I never really got into Sangband, as the skills-based system is too
non-intuitive (in my view Steamband implements - and documents! - the
idea of a skill tree much better), but it's nice to have it around. I
probably ought to care more about NPPAngband and OAngband, both of which
were serious, longterm, respected and stable variants which forked off
multiple developments in their turn, but because they were relatively
'normal' I don't remember much about them....
>
> But eventually it could be a good idea to bring them back to the
> internet, eventually at iconbar or another place where people will be
> able to find and download them.
It would be nice to have a repository of RISC OS Angband versions and
variants in order to provide a central resource, and the Iconbar would
be a logical place, given that it already has an Angband section dating
back to Musus Umbra's day:
https://www.iconbar.com/Angband_support_-_Introduction/news973.html
I'm happy to provide the various compiled versions I have, although none
of them appear to be 32-bit safe, or at least not ARMX6-safe. I
suspect that it would be hard to locate source code for most of them,
but it would be very nice to be able to recompile at least some of them
so that they work without Aemulor - or, indeed, work *with* Aemulor!
And one really ought to have the base game (Vanilla Angband) working for
comparison, and it's currently one of the ones that doesn't.
Neither Antony nor Andrew Sidwell seem to have been active on the
Iconbar for a long time:
https://www.iconbar.com/forums/profile.php?username=ajps
https://www.iconbar.com/forums/profile.php?username=takkaria
>
>
> Some of the errors really seem to bes very simple - eventually sometimes
> the files only need to be in existence but aren't there. Eventually they
> have been there - but were lost in the ZIP files if they had 0 bytes
> length.
In this case the files demonstrably *are* there (the code is reporting
the content of the 'error line'), but are failing to be interpreted
properly, presumably due to something going wrong in the part of the
source code that ought to be parsing them....
> Others are eventually not found because of typos in the source code.
I had a look at Musus Umbra's BASIC !Runband file, which appears in all
the variants, and it does indeed contain, as I had suspected, the
assumption
IF os_version%>&A7 THEN os_version%=400
But this isn't the problem, because all the variants contain this file,
including the ones which work correctly.
>
>
> I've tried to find some of the websites You mentioned - wich are all
> gone. Many of them seems to be gone forever.
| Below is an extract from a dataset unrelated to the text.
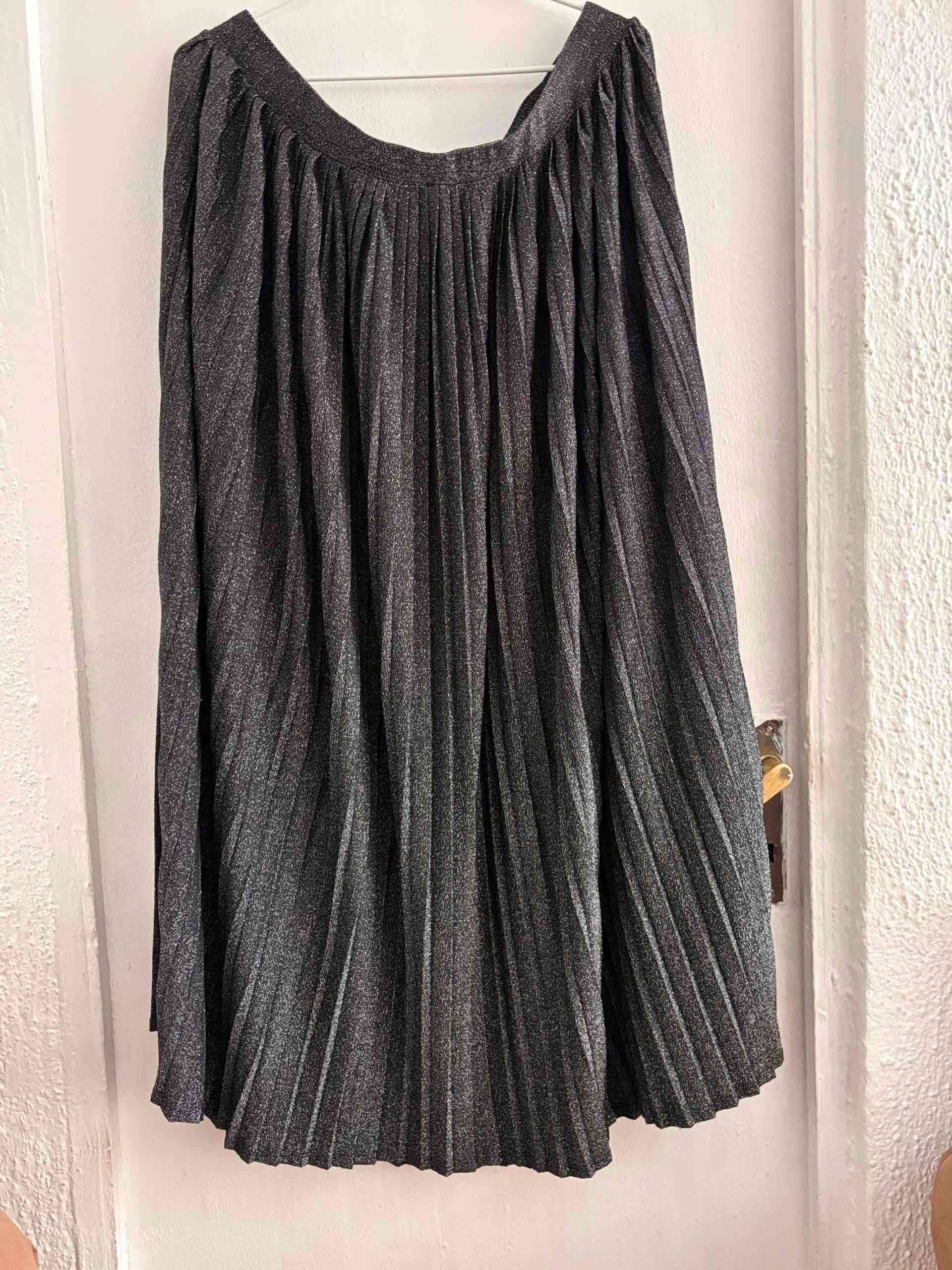Falda midi plisada gris con brillos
But one of the main sites
> tries to stand the test of times on
>
>
https://web.archive.org/web/20110927013626/http://rephial.org/
> release/3.0.5
>
> There are some other versions and times too. I used this one because it
> seems to be one of the relevant Ports to RISC OS - and it comes with its
> sources - and all files found their way to archive and are downloadable.
> At least there is a ReadMe File wich is signed by Anthony - hope this is
> a sign of qualitiy, You cited an Anthony in Your posts, see above.
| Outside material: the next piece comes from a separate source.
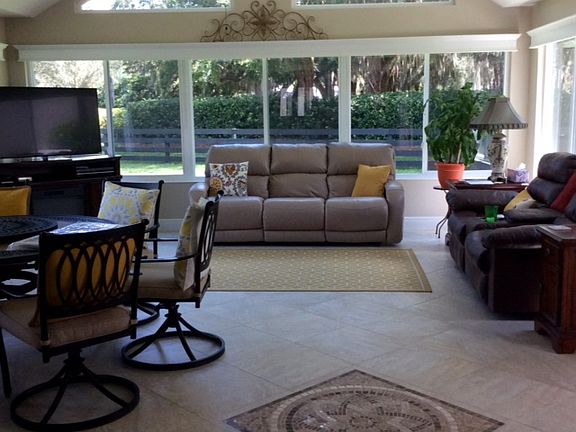 400 sq. ft. Florida room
That version doesn't run for me - does it run for you? 3.0.3 doesn't
work for me either, but 3.0.0 does, and in fact without requiring
Aemulor... which incidentally proves that it's not the introduction of
Lua scripting for the 3.0.x branch that is causing the problem, nor the
v3.0.0 comment "replaced the old Acorn (RISC OS) code with a newer
version"!
It looks as if version 3.0.9, which is the latest (non-working) one I
have, was the final release to include RISC OS; the release notes for
version 3.2.0 include the statement "Remove RISC OS port".
The actual 'terrain.txt' file to which version 3.0.9 is objecting
appears to be identical to the one which works quite happily in version
3.0.0. :-(
--
Harriet Bazley == Loyaulte me lie ==
Egotist: A person of low taste, more interested in himself than me.